A lógica dele está impecável, mas ele se esqueceu de aplicar a convenção dos operadores que não se parece com a que ele inventou. Ele é burro? Não. É um excelente aluno, que tem uma lógica impecável, bom comunicador, mas péssima memória, além de grande timidez. Fui saber, mais tarde, que ele nunca teve coragem de perguntar a ninguém como se resolva aquilo por que achava sua pergunta elementar demais. Diante disso pergunto ao professor que fez o plano de aula: em quantas aulas o professor será capaz de levar esse aluno do ponto em que ele está até a compreensão de uma série de somas de vetores em uma composição de alavancas no estudo do torque (que hoje é ensinado a crianças de 14 anos)? Uma “aulinha”? Duas? 

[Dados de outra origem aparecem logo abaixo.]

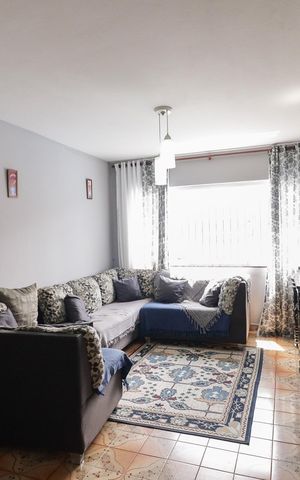 Casa à venda com 134m², 3 quartos e 2 vagas Casa à venda com 134m², 3 quartos e 2 vagasSala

Matemática, para quem não sabe matemática, não é um sistema de linguagem para modelar um fenômeno e nem uma ajuda para visualizá-lo. Trata-se de mais um complicador junto à própria matéria. É como se eu fosse tentar explicar para um leigo a “força de atração” de um buraco negro “dentro” do horizonte de eventos utilizando a relatividade geral e dizendo que “a luz ‘cai’ no buraco negro de forma tão inexorável como a chegada do dia de amanhã” – adaptado de fala do Prof. Carlos Heitor. - (referindo-se à deformação do cone espaço-tempo). 

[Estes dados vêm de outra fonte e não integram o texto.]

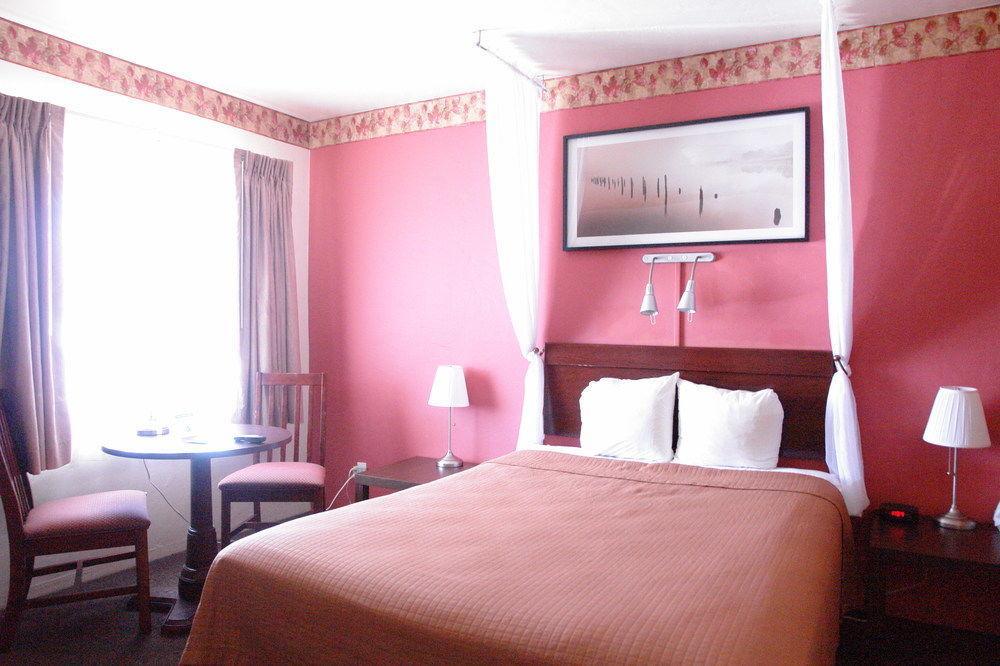 Golden Bear - Surestay Collection By Western Motel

Ora, para uma criança que não consegue visualizar a conexão dos eixos de um plano cartesiano no desenho de uma curva, desenhar um gráfico não deve bastar para explicar a queda livre - embora acredite que a "analogia" deva ser feita para estimular o amadurecimento de sua mente concreta. 

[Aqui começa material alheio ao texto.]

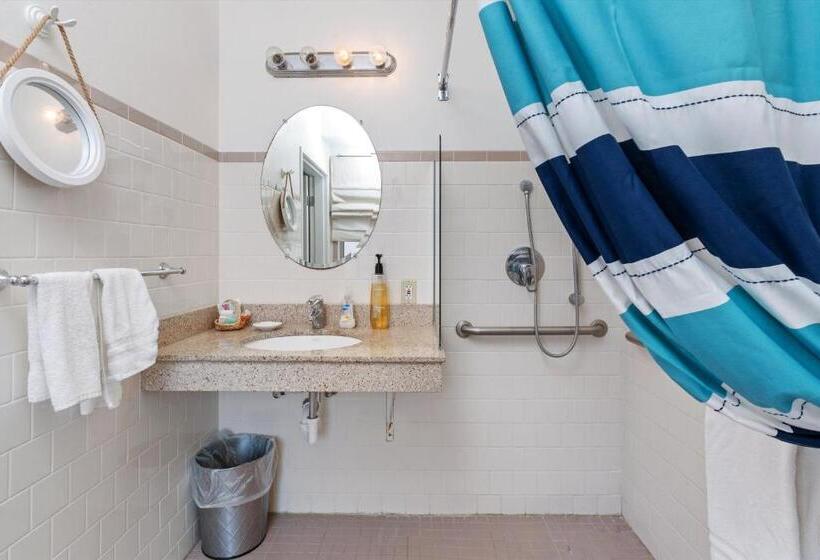 Студия Стандарт, Beach House Inn & Suites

Do mesmo modo, dizer que “tal coisa” acontece por que F=m.a é tão sem sentido e autoridade para um adolescente quanto dizer que não se deve furar o sinal por que “é proibido”. Nosso aluno é menos ingênuo do que os alunos de antigamente, e precisa ser convencido de maneira mais inteligente que isso, mas à sua altura, mas em sua linguagem. 

Muitos planos de aula são feitos assim: na aula 1 falo disso, na aula 2 falo daquilo e na aula 3 falo "d'aquilôtro" e pronto, em três aulas eu "passo" o conteúdo todo. Desse jeito, o máximo que se vai conseguir fazer é "passar" o conteúdo mesmo. Faltou pensar que o aluno precisa amadurecer uma idéia complexa que acabou de ser apresentada antes de operar com ela. E precisará de mais tempo e prática conceitual antes de operar com modelos matemáticos. A terceira Lei de Newton, por exemplo, é uma coisa extremamente fascinante, se entendida organicamente, mas absolutamente complicada e descartável se justificada em termos de “somatória de forças = zero para o equilíbrio”. E normalmente a terceira lei é trabalhada (início, meio e fim) em um ou dois encontros, no máximo, virando ponto passivo em seguida. 

Aqui, estamos olhando a física com os olhos do aluno, quem interessa por ora. É quem estará vivo quando eu me aposentar, dizendo para filhos e netos dele o que eu não estarei mais em posição de dizer. Do mesmo modo, foram nossos pais que nos disseram um dia: “Física é legal, mas é muito difícil, eu não sou bom em matemática”. 

E, por fim, a consequência de todo o nosso trabalho estará impressa no consciente coletivo das gerações que tocarmos. Na escola em que trabalhei certa vez, alguns pais diziam: “meu filho vai ser advogado, não precisa disso (Física). Deixem-no em paz”. Percebam o perigo: o professor que deu aula de Física para esse pai não está entre nós para se defender, mas a opinião do ex-aluno dele agora é argumento na diretoria (aluno = cliente; cliente tem razão). Se o professor "passou" a matéria toda eu não sei, mas, se depender desse aluno-pai ela pode até deixar os currículos brasileiros.

Professores de Física: seus alunos terão filhos um dia; estes filhos chegarão à idade em que terão curiosidade; então eles perguntarão aos seus pais o que é a Física. É então que veremos se fizeram um bom trabalho.